In Woollahra, in the eastern suburbs, rents are up $268, but P&I payments are up $1449, trailing by $1181. Mosman’s $150 increase in median rents contrasts with a jump of $1219 in the P&I, with a gap of $1069.
The figures assume a 30-year loan with a 20 per cent deposit, factoring in changes in the mortgage rate.
Tim Lawless, executive research director of Asia-Pacific of CoreLogic, says the figures come as a shock to many people, particularly when investors are highly leveraged. If they’re closer to debt-free, they wouldn’t be so badly impacted.

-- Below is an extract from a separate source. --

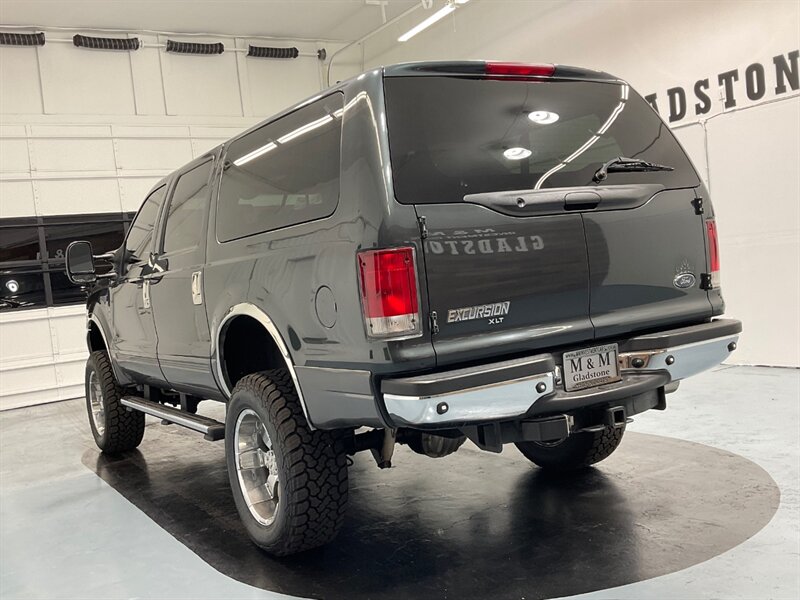 2001 Ford Excursion XLT 4X4 / 7.3L DIESEL / LIFTED NEW TIRES  / ONLY 146K MILE - Photo 8 - Gladstone, OR 97027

Mortgage costs have risen faster than rents.Credit: Rhett Wyman
“But if you have a $500,000 mortgage on a variable rate, then your repayments will have gone up by just over $1000 a month since April 2022 before the first of the rate rises,” he said.
“If you’re in a really expensive market, with a 20 per cent deposit, you may be paying $1,500 a week more, although if you’re buying there you might have more equity so, theoretically, you won’t be as highly leveraged. But if you are buying in those markets, repayments are extraordinarily high.
“Then again, property values have gone up substantially too, an average of $218,000 more, or 24 per cent, since the start of the pandemic.”
Even in some more affordable areas of Sydney, investors are out of pocket. In Canterbury-Bankstown, for example, rents have gone up by $177, while repayments rose $581. In Parramatta, rents have gone up $150, and repayments have gone up by $394.
“Rents, even though they’ve gone up substantially, now only cover about half of the cost of holding an investment property in many areas,” said PRD Real Estate Chief Economist Dr Diaswati Mardiasmo. “We’ve seen some movement in terms of investors saying it’s no longer financially viable and selling their properties or deciding not to buy.
“Negative gearing has always been an ingrained part of the market because if too many investors get out, then there’ll be fewer homes to rent, especially in the blue-chip areas, and those renters will have to move down to the next band and compete with those already there, to push up rents even higher.”
Many investors are pinning their hopes on their financial predicament, easing when interest rates are brought down, but when that might happen is still far from certain.
“We’re increasingly pessimistic about the prospect of a cut this year,” said Housing Industry Association chief economist Tim Reardon. “Unemployment still remains extraordinarily low, and even if there’s a modest cut at the end of the year, there won’t be a tangible impact on investors.
“Rents have gone up, but often by small increments for good tenants because investors want to keep them, and there are constraints on the capacity of tenants to pay. I think these figures show not so much that some investors will be moving from being positively geared to negative, but that the loss that negatively geared investors will be greater.”
Property management consultant Kasey McDonald, director of the Property Management Training Academy, acknowledges the public sympathy for tenants but adds many investors are doing it tough.
”Investors looking at this gap should be speaking to their broker and lender and property manager about what sort of things they could do to support additional income or reducing the expenses of the property,” she said.
“But it’s very important that investors remain in the market, but they do need to understand how that property might be performing.”